Os meus inimigos me vigiaram: estavam mais vigilantes do que eu; anteciparam-se a mim nas vigílias. Onde não colocam ciladas? Acaso todos os meus inimigos se anteciparam às vigílias? Quem são pois estes inimigos, a não ser os mencionados pelo Apóstolo:

Pois nosso combate não é contra o sangue nem contra a carne; mas contra os principados, contra as potestades, contra os dominadores deste mundo de trevas, contra os espíritos do mal, que povoam as regiões celestiais”? (Ef 6,12).

Por conseguinte, temos inimizade com o diabo e seus anjos. O salmista os denomina dominadores do mundo, porque eles governam os que amam o mundo; pois eles não dominam o mundo como se governassem o céu e a terra; mas chama de mundo os pecadores.

O mundo não o conheceu(Jo 1,10).

Eles governam este mundo que não conhece a Cristo. Contra esses temos inimizade perpétua. Finalmente, cuidas de terminar com quaisquer inimizades que tenhas contra um homem, seja por meio da satisfação que ele dê, se te lesou; seja por satisfação de tua parte se tu lesaste; seja de ambos se vos lesastes mutuamente. Esforças-te por satisfazer e entrar em acordo. Com o diabo e seus anjos nenhuma concórdia é possível. Eles nos invejam por causa do reino dos céus. Absolutamente não podem amansar em relação a nós, porque “todos os meus inimigos se anteciparam às vigílias”.

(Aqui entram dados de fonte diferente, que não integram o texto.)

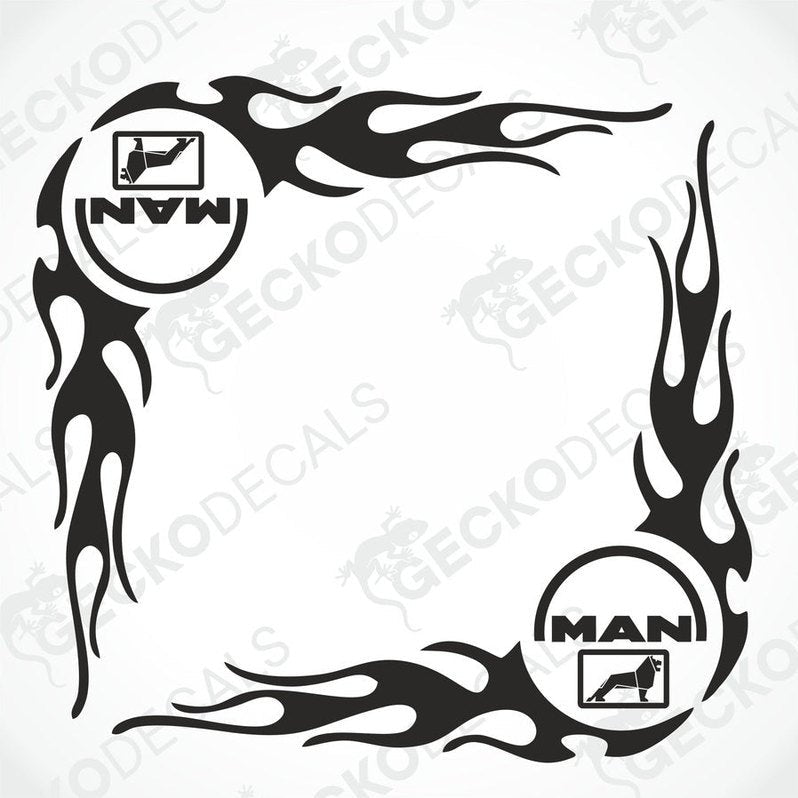 A set of two black and white tribal-style side window decals for trucks, with the MAN brand logo.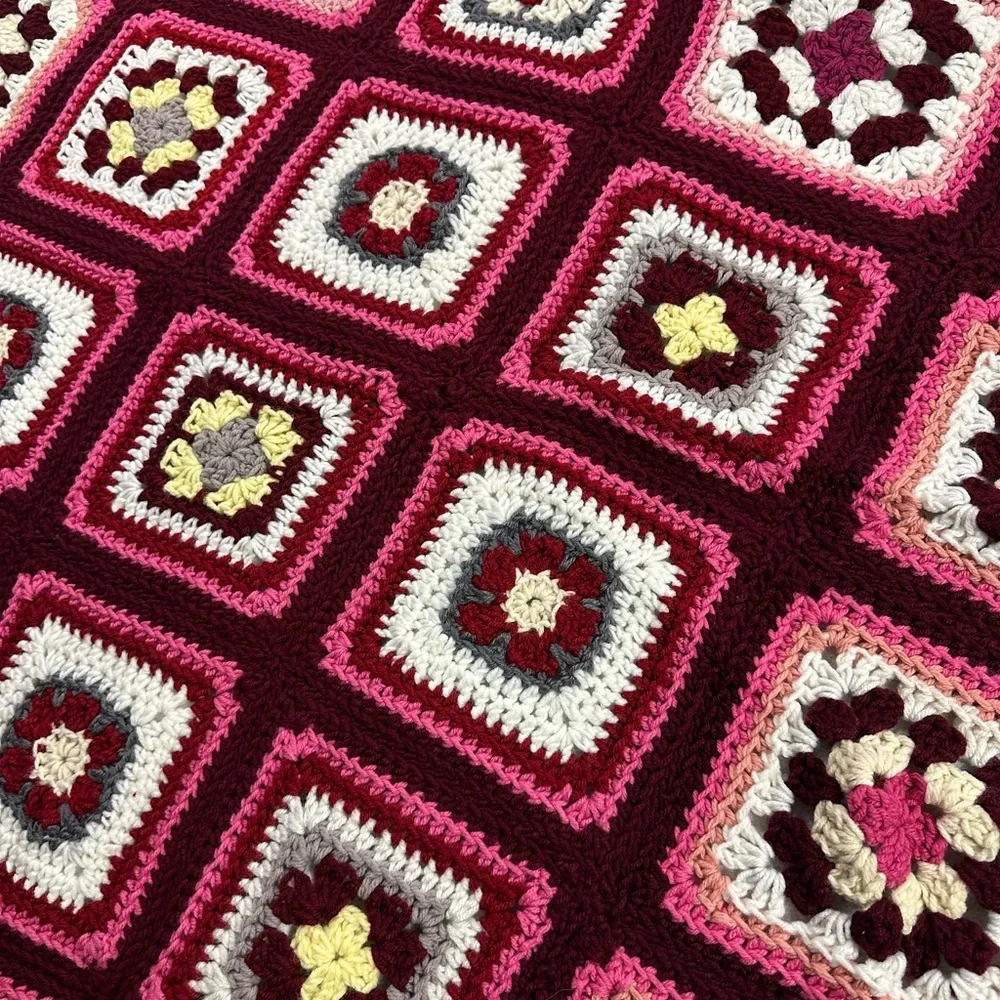 Handmade Crochet Granny Square Afghan Throw Blanket 42x52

Eles foram mais vigilantes em me enganar do que eu em guardar-me. “Todos os meus inimigos se anteciparam às vigílias. Como não se anteciparam às vigílias os que antepuseram em toda parte tropeços e ciladas? O tédio invade o coração. É de temer que a tristeza o absorva, ou que a alegria, com a loquacidade o faça desfalecer:

Todos os meus inimigos se anteciparam às vigílias”.

Por fim, na própria loquacidade, enquanto falas e com toda segurança, quanta coisa encontram muitas vezes os inimigos a apreender e censurar, a incriminar e caluniar: Ele disse isso, pensa aquilo, falou assim? Que fará o homem a não ser o seguinte:

Perturbei-me e faltou-me a palavra?” Perturbei-me, portanto, e para não acontecer que os inimigos, antecipando-se às vigílias, procurassem e encontrassem motivo de calúnias, calei-me. Nunca cessaria de falar dentro de si mesmo aquele que atravessa; e se, talvez, desistiu da loquacidade, porque se insinuava nele o desejo de agradar aos homens por esta mesma loquacidade, contudo, não deixou, não cessou de se esforçar por ultrapassar também esse desejo. E como se exprime?



§ 8
6 “Pensava nos dias do passado”.

Este homem que batia do lado de fora, já entrou, e age no interior de sua mente. Diga-nos ele o que faz ali:

Pensei nos dias do passado”.

Ali está bem. Vede, por favor, o que pensa. Está no seu íntimo e pensa nos dias do passado. Ninguém lhe diz: Falaste mal. Ninguém lhe diz: Falaste muito. Ninguém lhe diz: Pensaste maldosamente. Que se sinta bem consigo mesmo, Deus o ajude: pense nos dias do passado e conte-nos o que fez no seu apartamento interior, aonde chegou, o que ultrapassou, onde permanecer:

Pensava nos dias do passado. Repassava na mente os anos eternos”.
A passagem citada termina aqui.